Гонхи несколько раз молча моргнул, пытаясь согнать остатки сна, потер лицо руками и ответил, лениво толкнув Сохо коленом куда-то под лопатки.
— Хванун такого не говорил, — сказал он с вялым возмущением в хриплом, после тяжелого сна, голосе.
Сохо хихикнул себе под нос.
— Ладно, не говорил, — легко признался он в своей маленькой лжи. Помолчал немного, затем мягко произнес, глядя на возлюбленного: — пойдем домой, Гонхи. Я приготовил ужин.
Младший мягко улыбнулся ему в ответ и в глазах его вновь зажглась та любовь и нежность, с которой он всегда смотрел на Сохо, где бы они не находились.
— Тогда точно придется заказывать доставку, — смущенно засмеялся он и Сохо ткнул его кулаком в живот.
— Это вкусно! — возмутился он. — Я смешал рамён…
— Смешал? — прыснул со смеху Гонхи.
— Да, — обиженно ответил Сохо, — рамён и мясное спагетти, и сыр. Ты должен попробовать. Это действительно вышло очень вкусно. Ты поешь… А я потом вымою эту дурацкую посуду, Гонхи-я…
Гонхи рассмеялся, а потом сморщился и почти всхлипнул.
— Прости, — прошептал он так горько, что Сохо потянулся к нему и обнял, наконец обнял, после стольких дней дурацкой разлуки.
Сохо подумал о том, какие же они еще глупые и неопытные, хотя уже так давно вместе и подумал о том, что им еще так многому нужно учиться друг у друга, учиться понимать, принимать, учиться разговаривать и обсуждать, чтобы не было больше вот таких идиотских ссор.
— Все в порядке, — сказал он тихо и легко поцеловал его в щеку, — просто давай вернемся домой и там поговорим. Будем просто разговаривать… Хорошо?
Гонхи молча кивнул, пряча за длинными пальцами покрасневшие глаза.

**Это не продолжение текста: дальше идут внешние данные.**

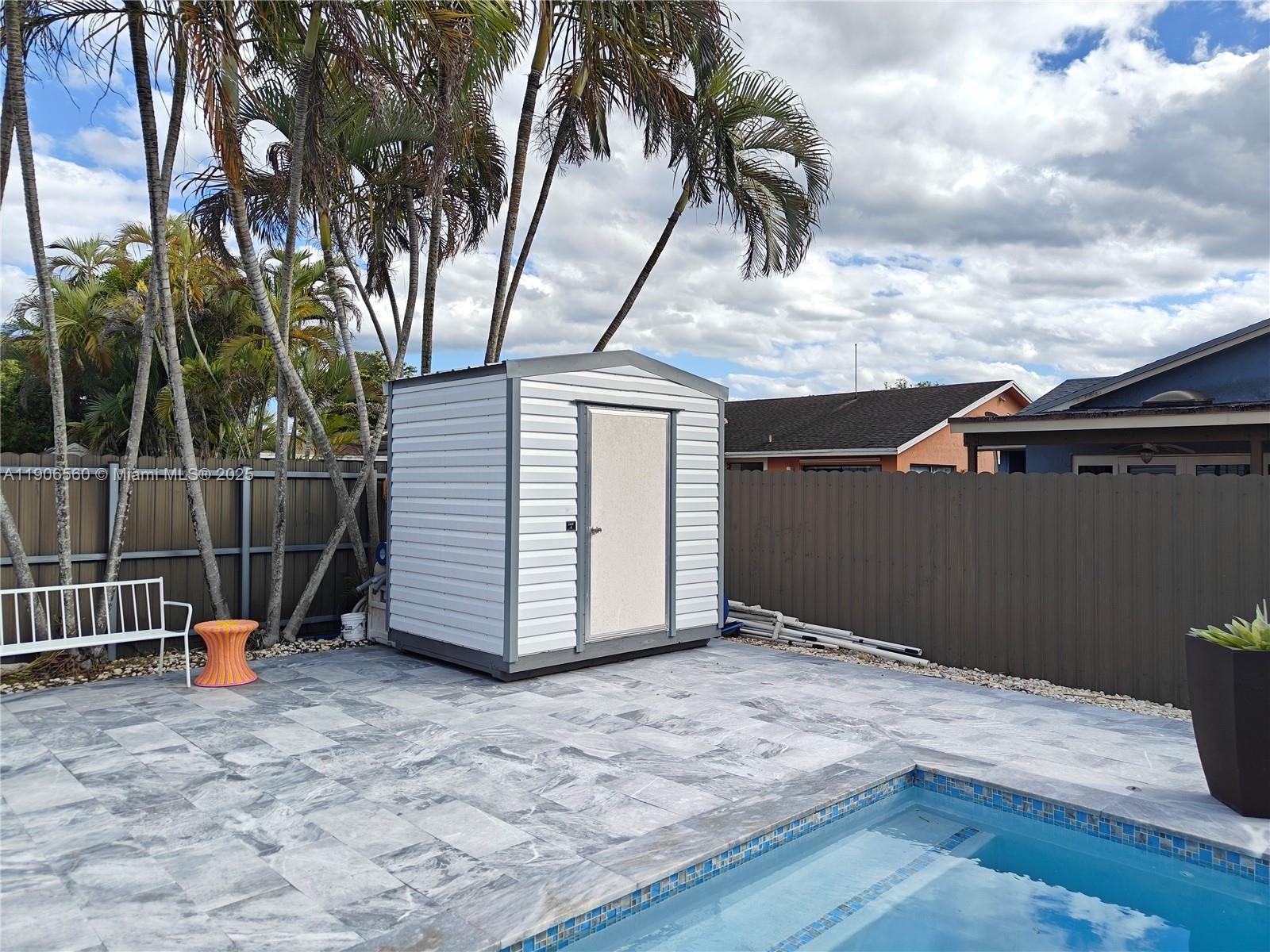 14444 Southwest 107th Terrace Miami, FL 33186 - Photo 48 of 73 a backyard of a house with fountain table and entertaining space
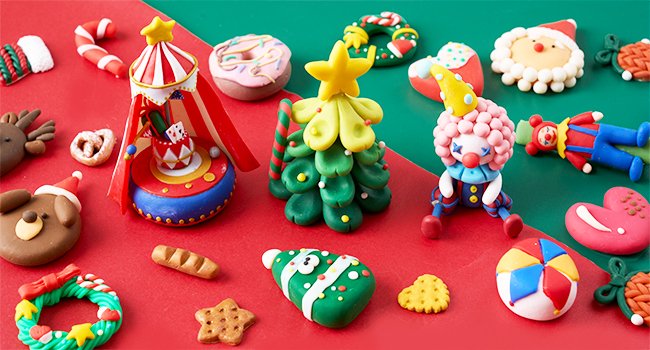 Various polymer clay creations including a circus tent, Christmas tree, clown, Santa, and festive treats arranged on a red and green background.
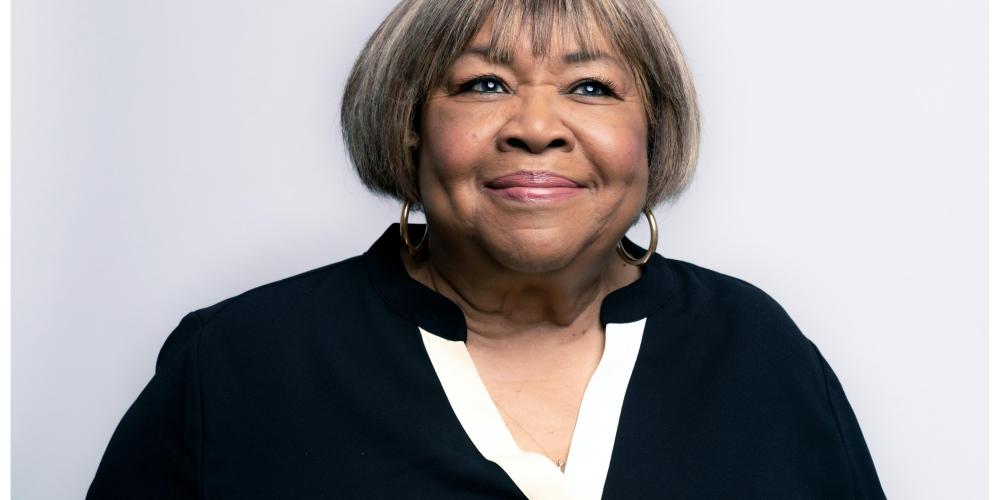 Mavis Staples smiling headshot in front of white background, dressed in black with black earrings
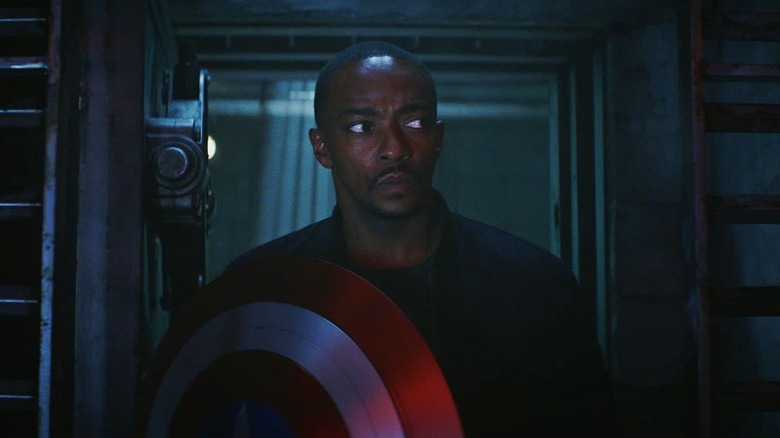 Anthony Mackie as Sam Wilson holding Cap's shield entering The Leader's bunker in Captain America: Brave New World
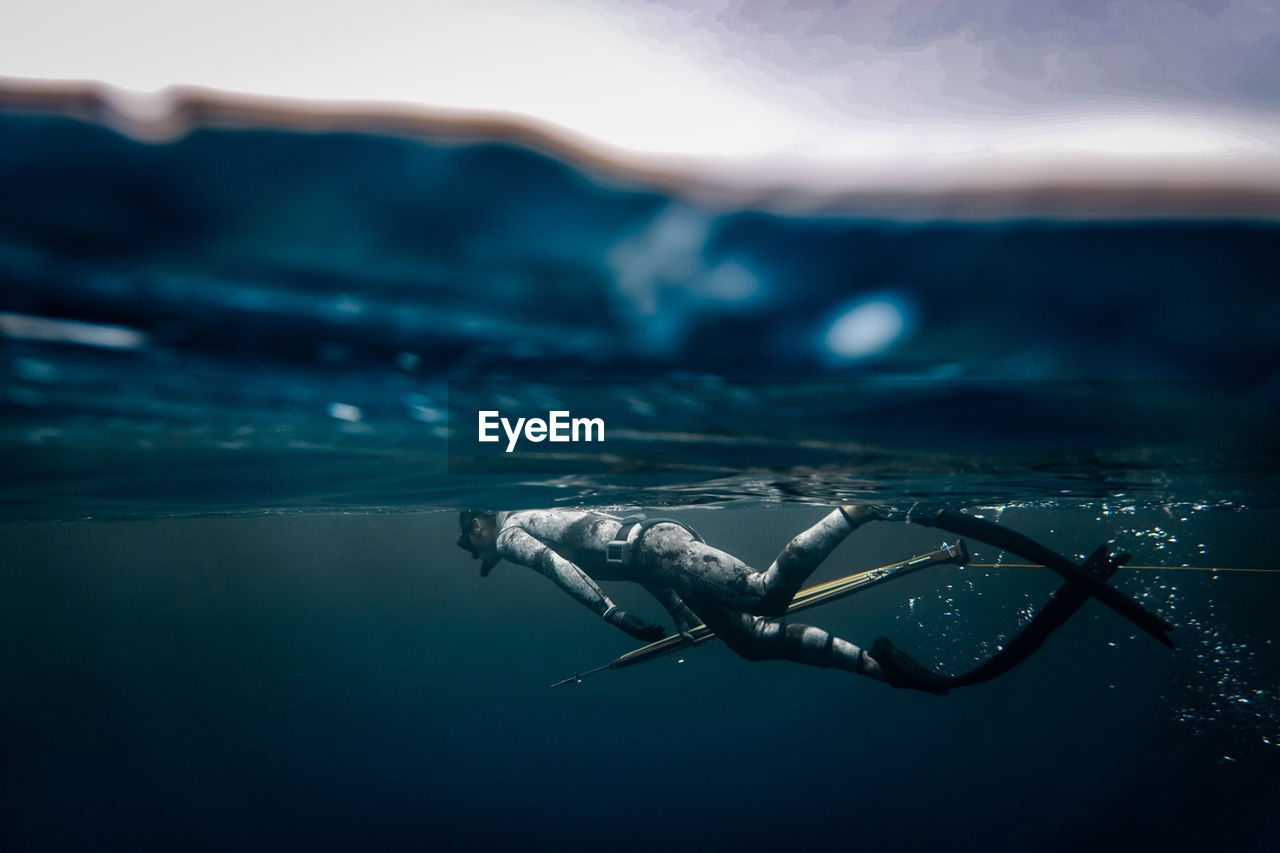 Mid adult man swimming in sea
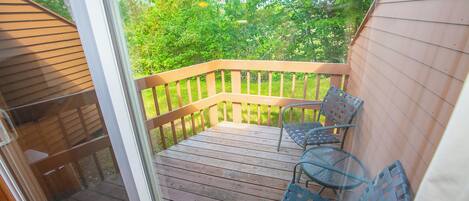 A wooden deck with metal chairs and a glass table.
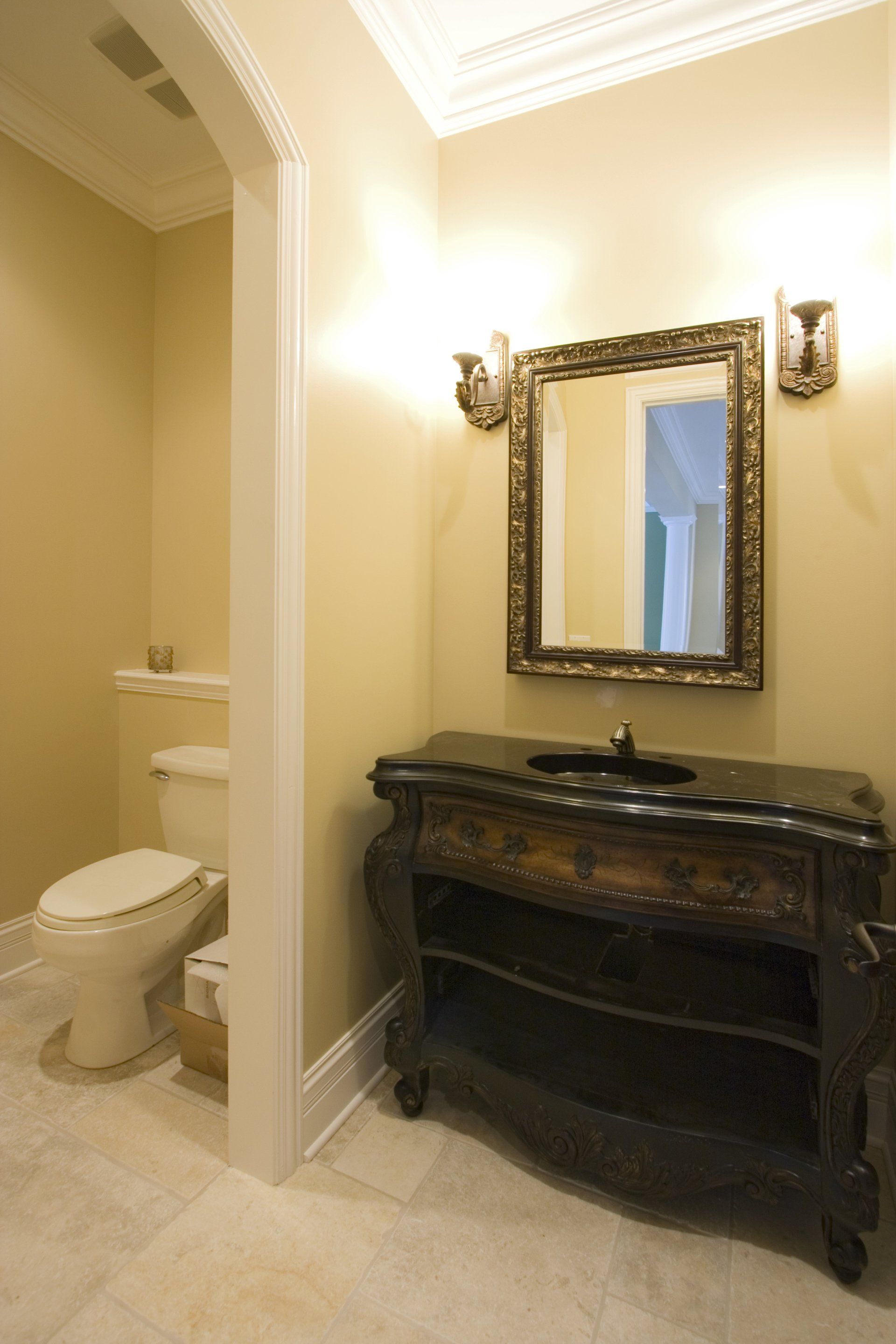 A bathroom with a toilet a sink and a mirror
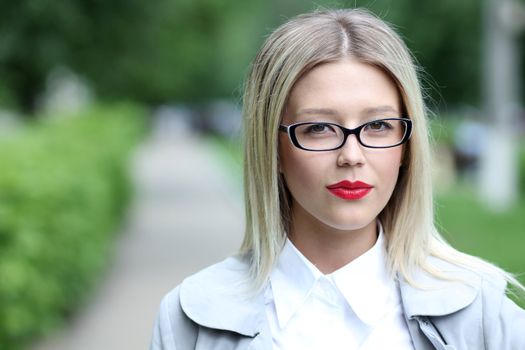 Beautiful young woman in sunglasses. Outdoor portrait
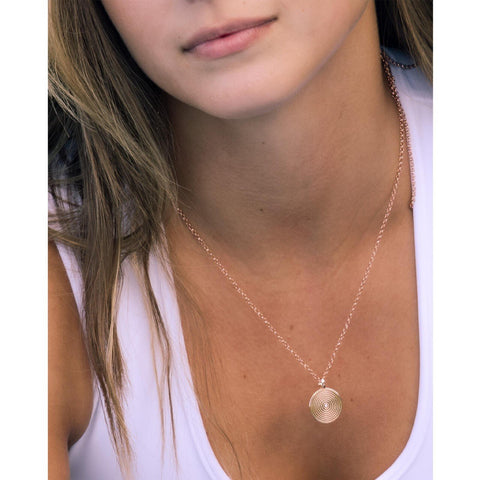 2. Close-up of woman wearing MyaMoon Illumi Infinity Pendant Necklace in rose gold, highlighting zircon centerpiece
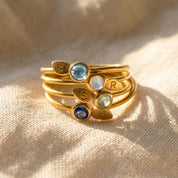 Stackable birthstone initial rings in gold with 3mm faceted gemstones and stamped leaf charms, personalized for family, mom, or couples.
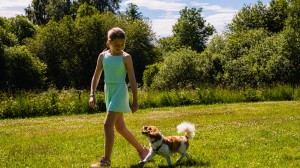 En jente går tur med en liten hund på en varm sommerdag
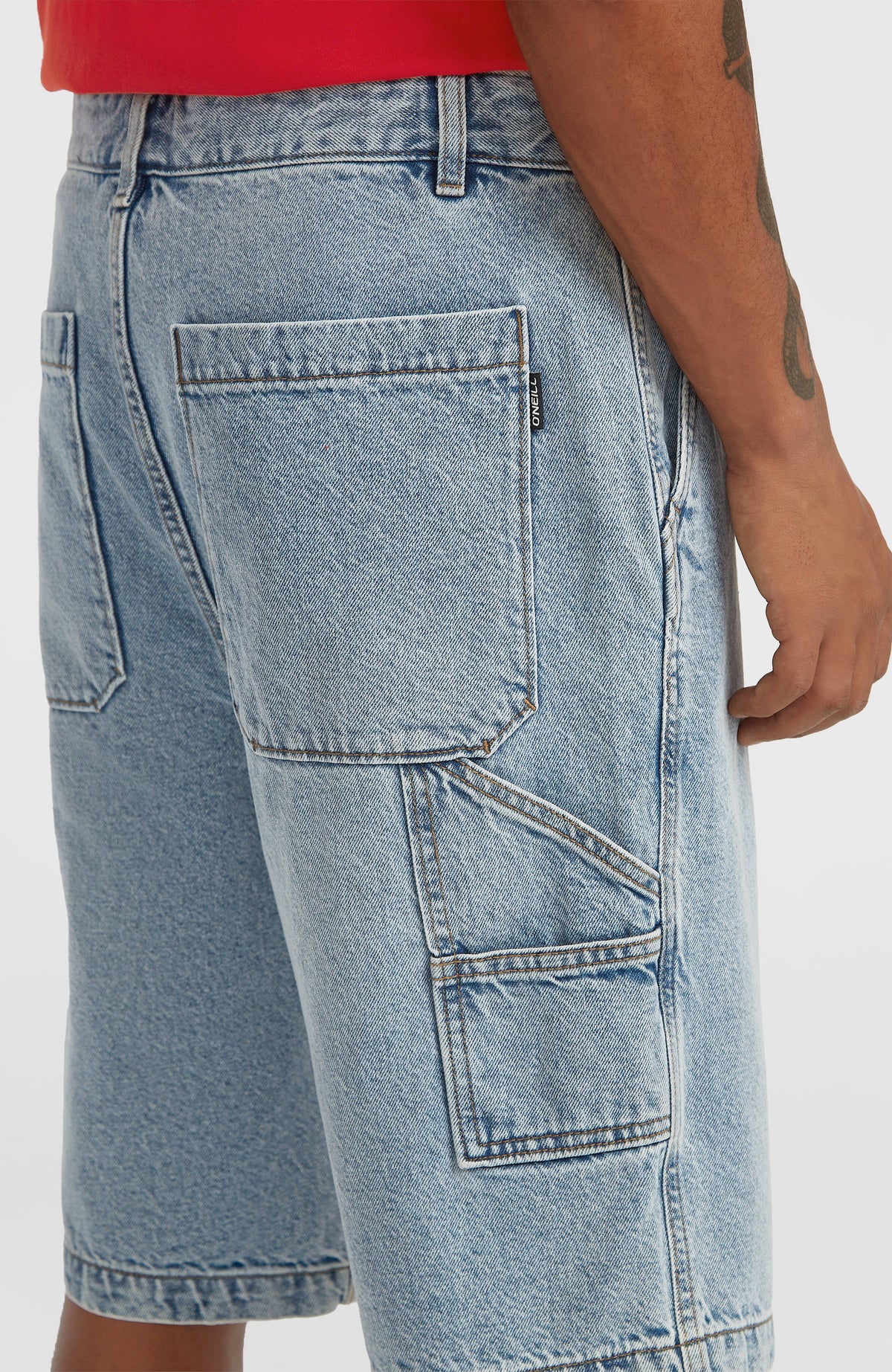 Nahaufnahme der blauen Essentials Jeansshorts am Model, aufgesetzte Gesäßtasche mit kleinem Logo-Label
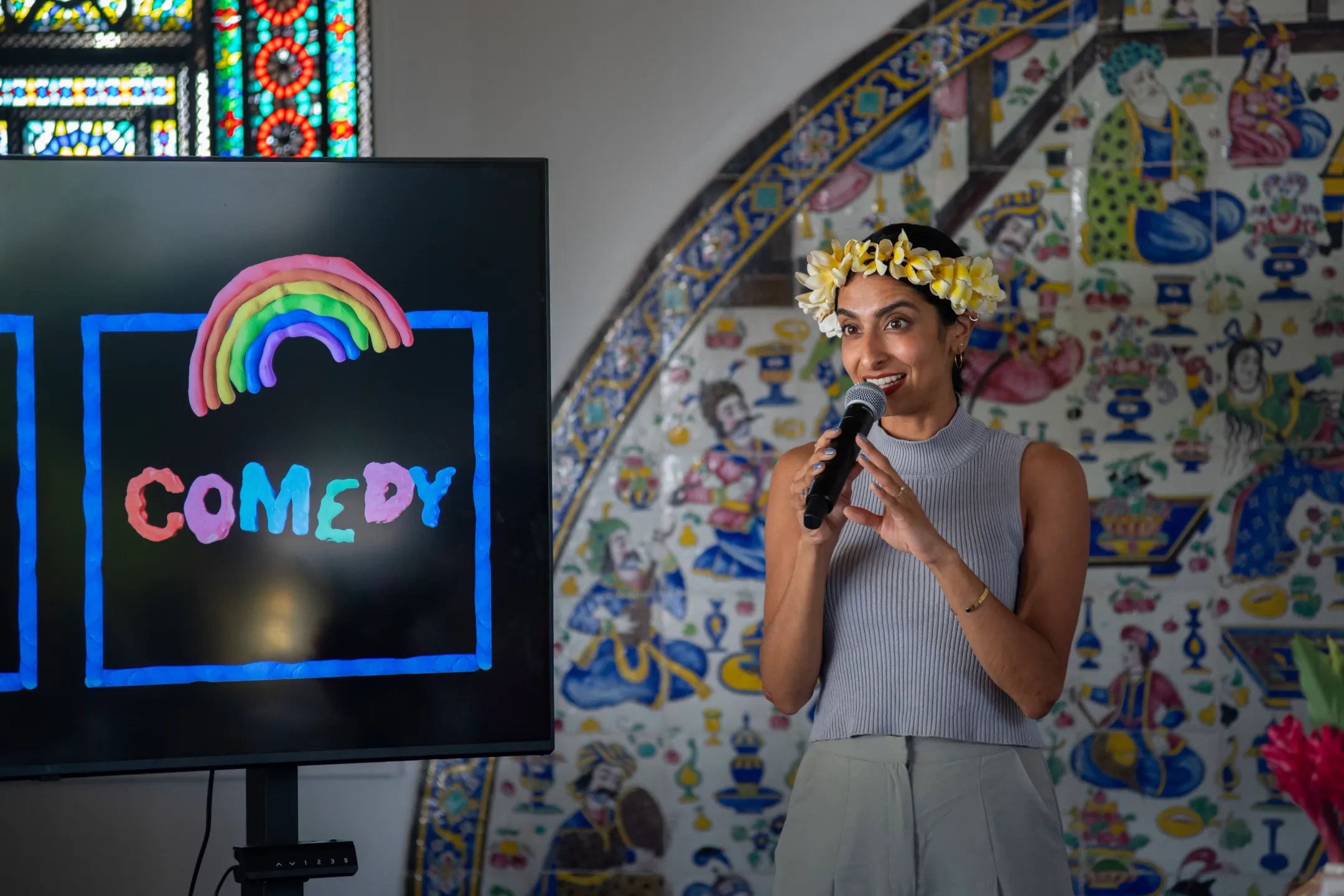Artist holds a microphone in front of a screen with the word “COMEDY” in bright colors.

— Нужно собрать вещи, — сказал он, откинул одеяло, вылез из постели и принялся бродить по комнате, неаккуратным комком складывая в рюкзак одежду и зарядное устройство, книгу, наушники и телефон.
Когда вещи были собраны они вышли из комнаты в коридор.
— Все нормально? — спросил Хванун, стоя в дверях своей спальни и косясь на Сохо.
— Да, — сказал Гонхи, — спасибо большое за помощь, Ун-и… Я… Я позвоню тебе завтра, хорошо? Извини, что я ухожу вот так…
— Проваливайте, — махнул рукой Хванун, они обнялись и Хванун закрыл за ними дверь.
— Возьмем такси, — сказал Сохо, когда они вошли в лифт и длинные пальцы Гонхи нерешительно коснулись его ладони, сплетаясь с пальцами Сохо. Он крепче сжал чужую ладонь и подумал о том, как сильно он соскучился по этим простым прикосновениям и по болтовне Гонхи, и по его восхищенному взгляду.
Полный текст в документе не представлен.